The same number may be chosen from candidates an unlimited number of times. Two combinations are unique if the frequency of at least one of the chosen numbers is different.
It is guaranteed that the number of unique combinations that sum up to target is less than 150 combinations for the given input.
Example 1:
Input: candidates = [2,3,6,7], target = 7
Output: [[2,2,3],[7]]
Explanation:
2 and 3 are candidates, and 2 + 2 + 3 = 7. Note that 2 can be used multiple times.

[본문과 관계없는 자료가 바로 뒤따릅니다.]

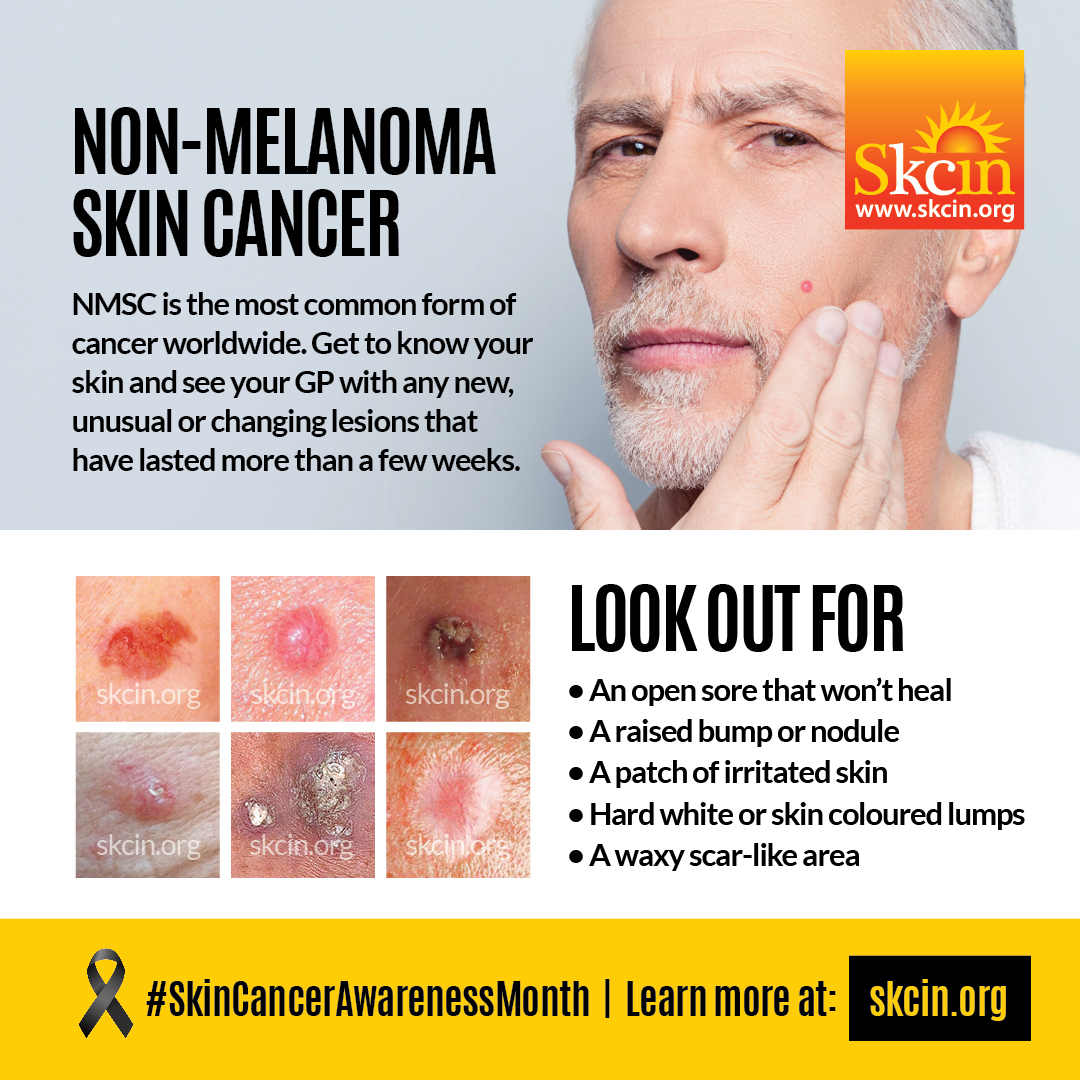 CancerNel's tweet photo. 🖤 Skin cancer awareness saves lives.

Hear more about protecting your skin in our podcast:
https://t.co/DohGt2E0fJ

Learn more: https://t.co/lf3T9iJcwV

#SkinCancerAwarenessMonth #SkinCancer #ProtectYourSkin #CheckYourSkin #Melanoma #CancerAwareness https://t.co/Lo2s5TZfuV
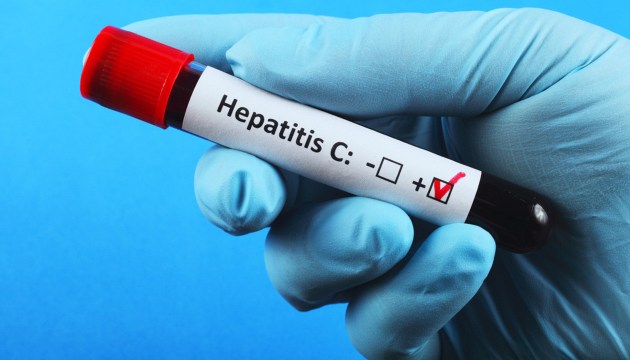 Программа лечения гепатита С стартует в Центре СПИДа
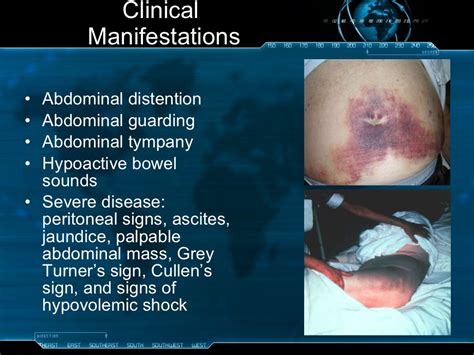 Acute pancreatitis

7 is a candidate, and 7 = 7.
These are the only two combinations.
Input: candidates = [2,3,5], target = 8
Output: [[2,2,2,2],[2,3,3],[3,5]]
Input: candidates = [2], target = 1
Output: []
class Solution {
public List<List<Integer>> combinationSum(int[] candidates, int target) {
List<List<Integer>> answer = new ArrayList<>();
backtracking(0, target, candidates.length, answer, new ArrayList<Integer>(), candidates);
return answer;
}
public void backtracking(int start, int target, int n, List<List<Integer>> answer,
List<Integer> cur, int[] candidates) {
if(target == 0) {
answer.add(new ArrayList<>(cur));
} else if(target < 0) {
return;
} else {
for(int i = start; i < n; i++) {
cur.add(candidates[i]);
backtracking(i, target - candidates[i], n, answer, cur, candidates);
cur.remove(cur.size() - 1);
}
}
}
}
일반 combination 문제와 다른점
중복이 허용된다. 그렇기 때문에 재귀적으로 들어갈때 for loop의 시작인덱스를 증가시키지 않는다.
순서가 상관없는 모든 경우의 수를 전부 탐색하기 때문에 길이를 정하지 않는다. 대신 target이 0이 되는경우를 base case로 잡는다.